The T. brucei Lister 427 genome TriTrypDB-45_TbruceiLister427_2018_Genome.fasta and its annotation TriTrypDB-45_TbruceiLister427_2018.gff were downloaded from TriTrypDB and used as the references. The index of the reference genome was built using hisat2 2.1.0, and paired-end clean reads were aligned to the reference genome using HISAT2.

(iii) Quantification of gene expression levels.

HTSeq v0.6.1 was used to calculate the number of reads mapped to each gene. The number of fragments per kilobase per million (FPKM) was calculated for each gene on the basis of the length of the gene and the number of reads mapped to the gene.

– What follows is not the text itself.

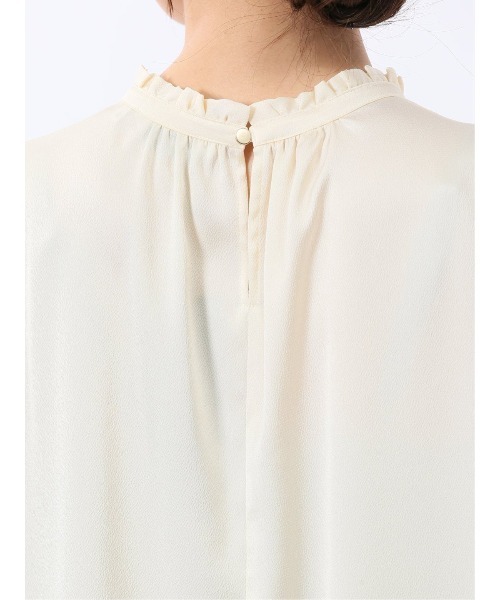 m.f.editorial（エムエフエディトリアル）の「【接触冷感 UVカット イージーケア】m.f.エディトリアルレディース ギャザーネック半袖プルオーバーブラウス（シャツ/ブラウス・レディース・アイボリー/グレー系その他2/ベージュ・MEDIUM/LARGE）」の14枚目の写真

(iv) Differential expression analysis.

Differential expression analysis of two conditions/group (three biological replicates per condition) was performed using the DESeq R package (1.18.0). The DESeq R package provides statistical routines for determining differential expression in digital gene expression data using a model based on the negative binomial distribution. The resulting P values were adjusted using the Benjamini and Hochberg approach for controlling the false-discovery rate. Genes with an adjusted P value of <0.05 found by DESeq were assigned as differentially expressed.

Data availability.

The RNA-seq data set determined in this work has been submitted to NCBI GEO under accession number GSE143456.